Los aspavientos del señor Rodríguez demuestran que a la dictadura venezolana le sienta muy mal que le digan que es una dictadura. De ahí los insultos y los berrinches de Maduro y Cabello (sigo a la espera de los de Elvis Amoroso). Lo que habría que hacer a partir de ahora, en mi modesta opinión, sería intentar convencer a los países europeos para que secunden la moción española (aunque más vale no enviar de emisario a Rodríguez Zapatero que, si no está a sueldo de Maduro, lo parece). Y luego hacer lo propio con Estados Unidos, hasta que el régimen venezolano no sea reconocido por nadie y Maduro tenga que irse a su casa o al carajo (lo que le parezca mejor).
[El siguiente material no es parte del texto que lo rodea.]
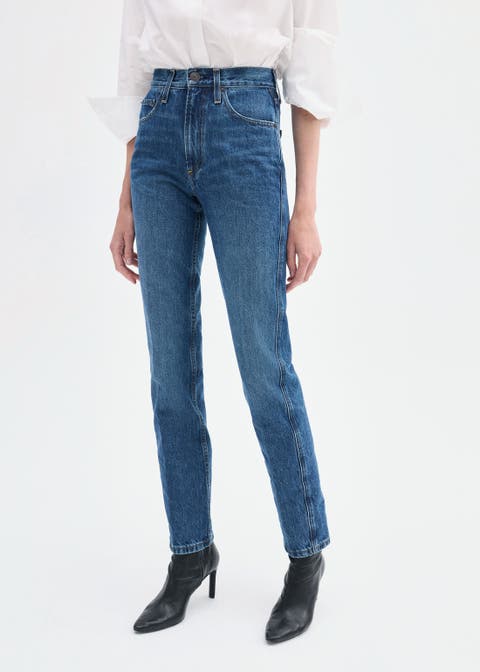 High Rise Jean in Denim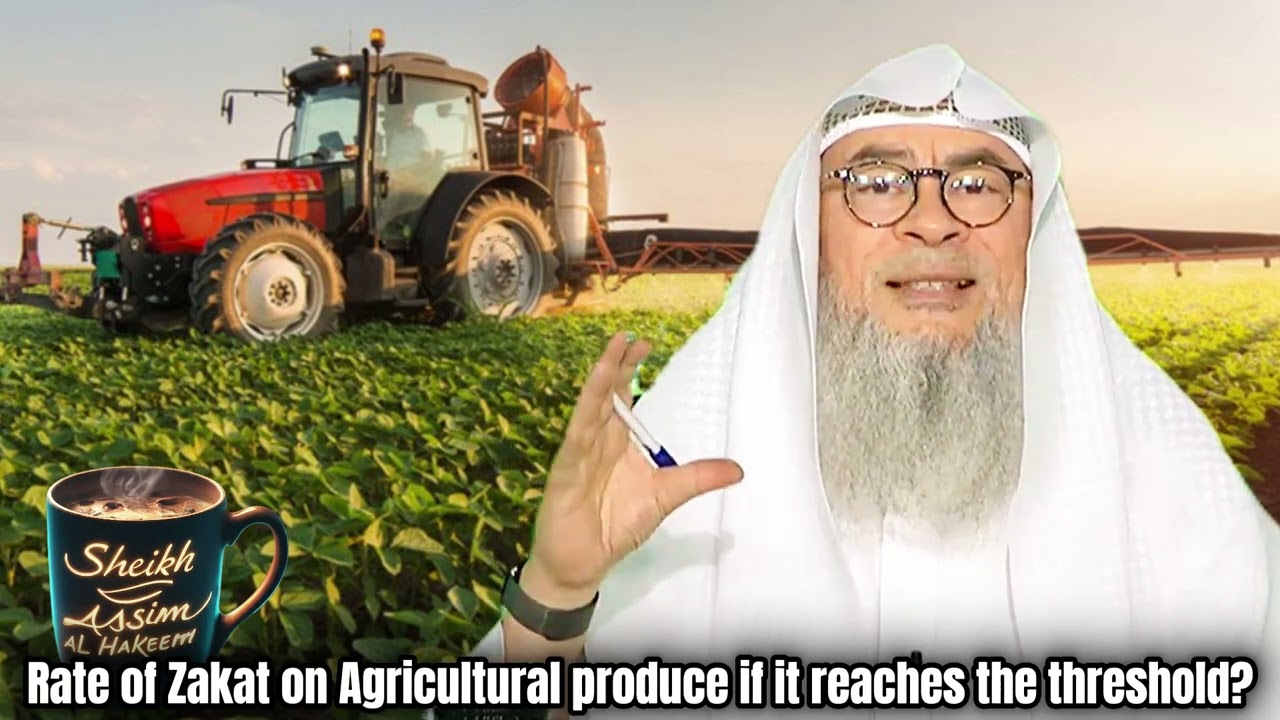Rate of Zakat on Agricultural produce (crops) if it reaches the threshold (nisab) assimalhakeem JAL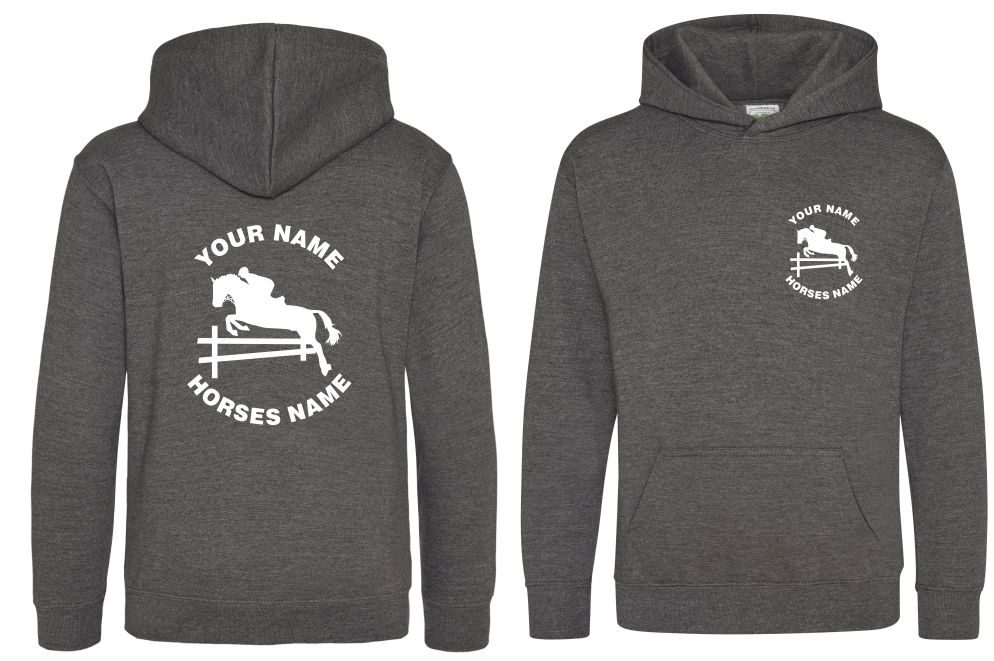 Show Jumping - Horse Riding Kids Hoodie - Image 7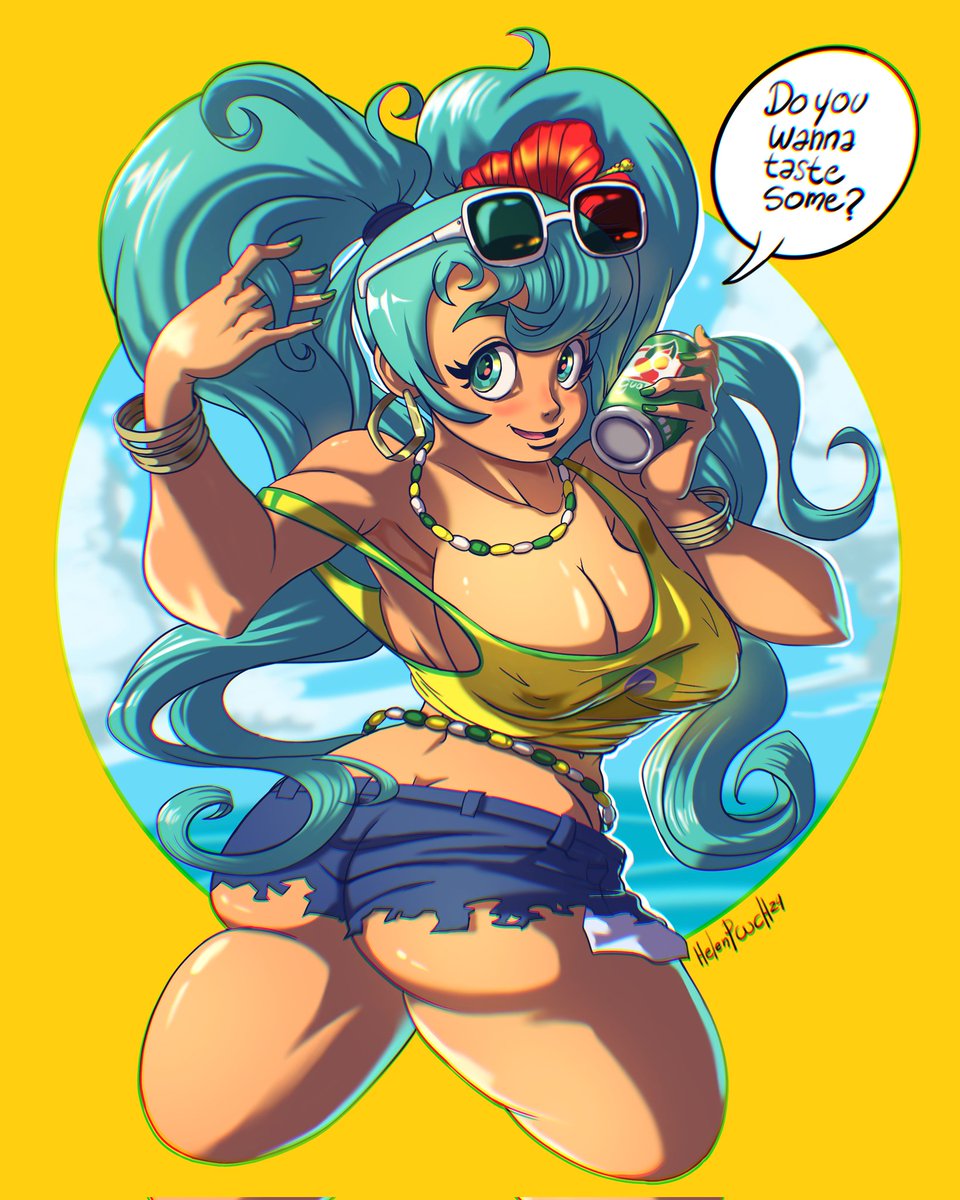 HelenPoochArt's tweet photo. When I see this trend on Twitter (accept it, nobody calls it X) I wanted to participate, but the adult life stops me to contribute, I hope it is not too late. 🙊
Do you want to taste some?
#miku #brazilianmiku #machateo #Helenpoochart #fanart #digitalart https://t.co/PMu9OPw036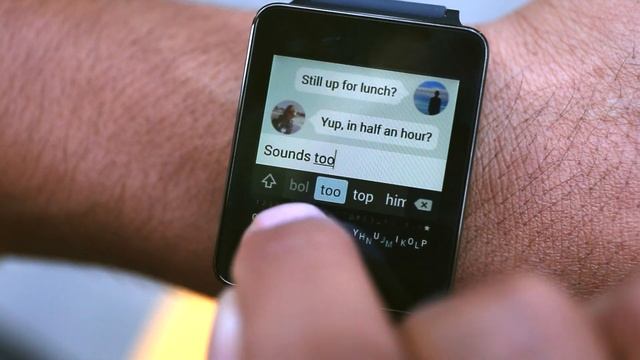 First Ever Typing On Android Wear смотреть онлайн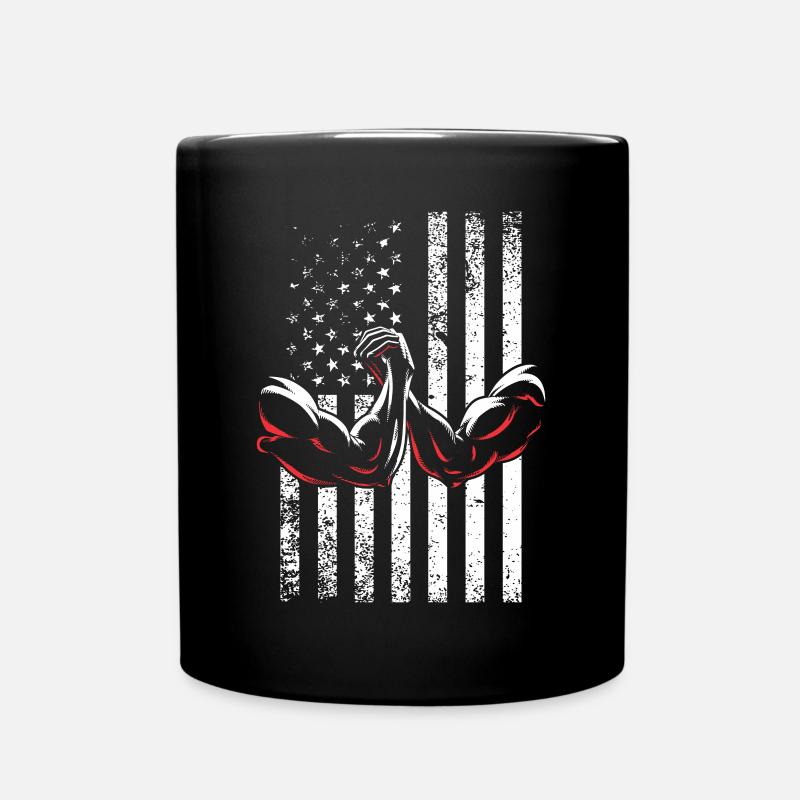 Patriotic Arm Wrestling For Arm Wrestler - Tasse einfarbig - Schwarz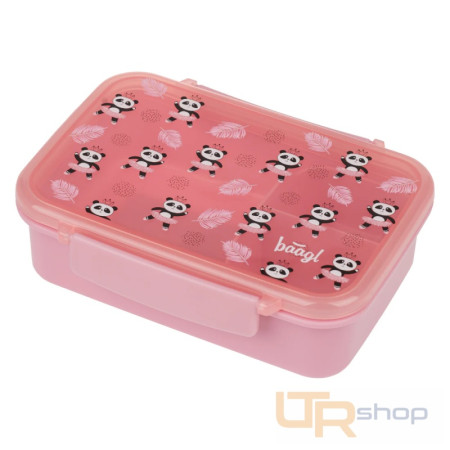 detail A-34477 box na svačinu s přihrádkami Panda BAAGL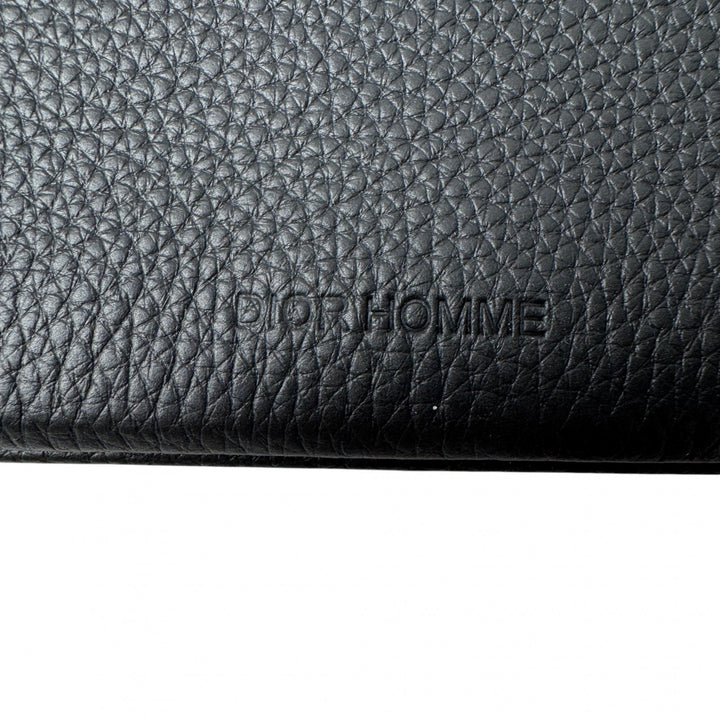 ディオール オム Dior Homme クラッチバッグ レザー ブラック メンズ
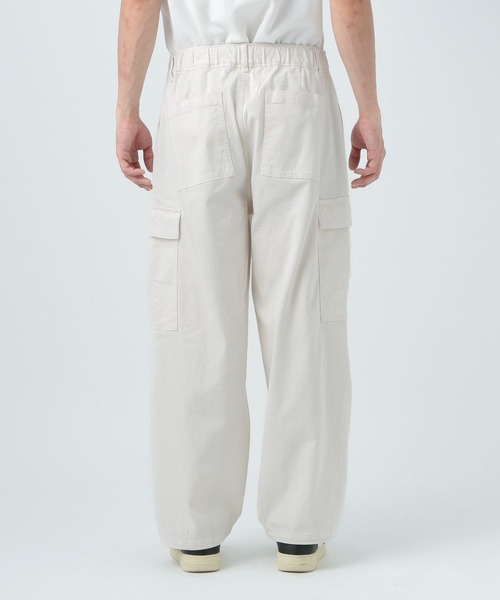 BAYFLOW（ベイフロー）の「ストレッチワイドカーゴパンツ（カーゴパンツ・メンズ・チャコール/ブルー/ホワイト・LARGE/MEDIUM）」の18枚目の写真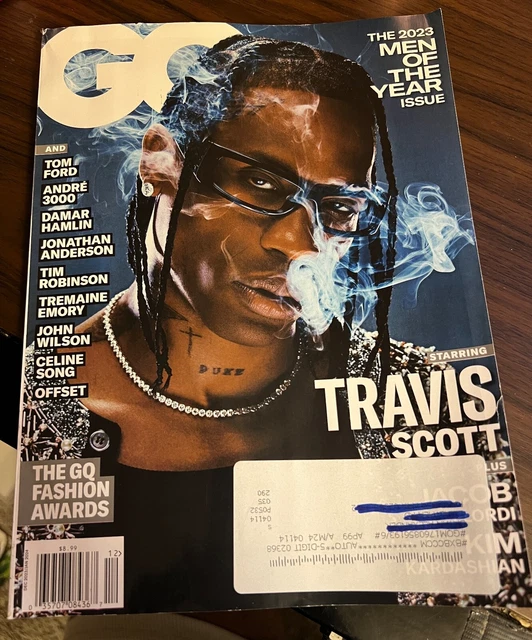GQ MAGAZINE DEC 2023/Jan 2024 The 2023 Men Of The Year Travis Scott w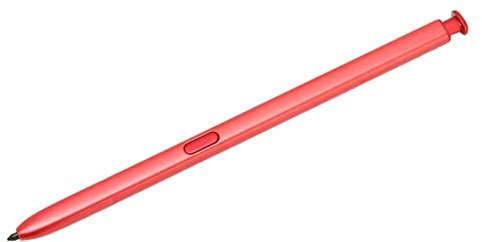 Stylet pour Note 10 Lite, Stylet pour Téléphone Portable Haute sensibilité Touch S Pen Stylet Officiel avec Pointes Pince à épiler, Stylet de Remplacement pour Smartphone (Rouge)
Se habla mucho del enriquecimiento personal del autobusero, y hasta de sus posibles relaciones con el narcotráfico. Pero, para mí, hay una posibilidad aún más aterradora: la de que se crea sus propias patrañas y se considere una bendición para su pueblo. Una bendición francamente curiosa, pues no hay que olvidar que este sujeto ha puesto en fuga a ocho millones de compatriotas, instalados ahora mayormente en España y Estados Unidos. No sé qué pensarán ustedes, pero a mí, un gobernante al que se le escapan ocho millones de seres humanos no me resulta de mucho fiar. Eso sí, los que aún siguen en Venezuela, que sepan que ya pueden ir sacando el turrón, mientras que en la pérfida y colonialista España no lo cataremos hasta diciembre.